You can spot Marga Melià from afar. On long legs and high heels, the 1,77 m tall Mallorcan towers over pretty much everybody on the square in front of Palma´s cathedral. She is wearing a light-blue short dress with a colourful print and, just for a moment, one could think that it´s Júlia, the heroine of the movie ‘Bittersweet Days’.
Júlia is played by Esther Gonzalez, who is not as tall as Marga and wears her hair short, but has the same big dark eyes and a similar enchanting smile – and twice during the movie you actually see her dressed in Marga’s outfit of today.
‘Bittersweet Days’ is Marga Melià’s first feature film, which she shot in Mallorca and Barcelona, and was first screened at the Atlántida-Festival in Palma. The topic of the film is the 33-year-old herself – representing a generation which has been stuck in a sort of constant life crisis since the financial crash of 2008.
‘Whereas our parents already had a steady job, a family, and a condo at the age of 30, we don´t want to commit,” says Marga, who moved to Barcelona when she was 18. She studied journalism, learned languages in Berlin and Bologna, and then returned to Barcelona where she visited seminars on scriptwriting. For her parents, stability meant happiness, but her own generation constantly questions everything: relationships, professions, and where to live.
What sounds like one big drama is told colourfully in the movie, with likeable actors and a pleasant atmosphere – for uncertainty and instability do not necessarily have to be negative, stresses Marga Melià. She equipped the movie with Spanish and English subtitles, because each of the eight actors speaks in their respective mother tongue – English, Dutch, Spanish, and Catalan.
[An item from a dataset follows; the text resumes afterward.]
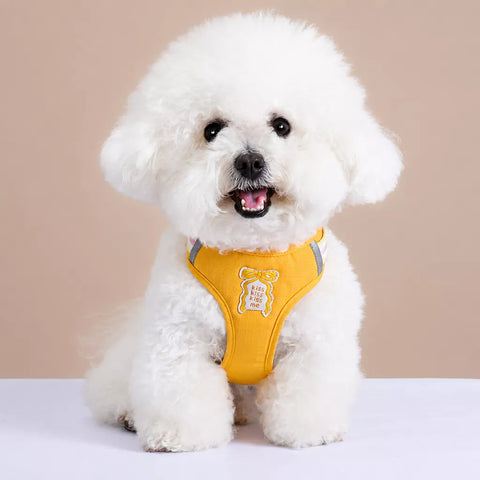 Bow Vest Harness and Leash for Small Dogs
For her, every crisis presents an opportunity for a new beginning: “You reflect upon a difficult moment, you pause, and then you decide how to go on.” The young woman – who moved back to Mallorca five years ago and founded the production company ‘Nuu Films’ with her boyfriend – thinks that it´s never too late for a change of course in life.
‘Bittersweet Days’ shows, in an entertaining and charming way, that changes don’t always work out. The main character Júlia lives a normal life in Barcelona. She shares a flat with her boyfriend, works in an office, and meets up with friends. When her partner goes to London for a job, a Dutch guy called Luuk moves in with her. He is a photographer, does a language course in Barcelona, and lives for the moment in a carefree way. After a joint visit to Mallorca, where Júlia is originally from, she starts to doubt her carefully structured existence and asks herself what she really wants.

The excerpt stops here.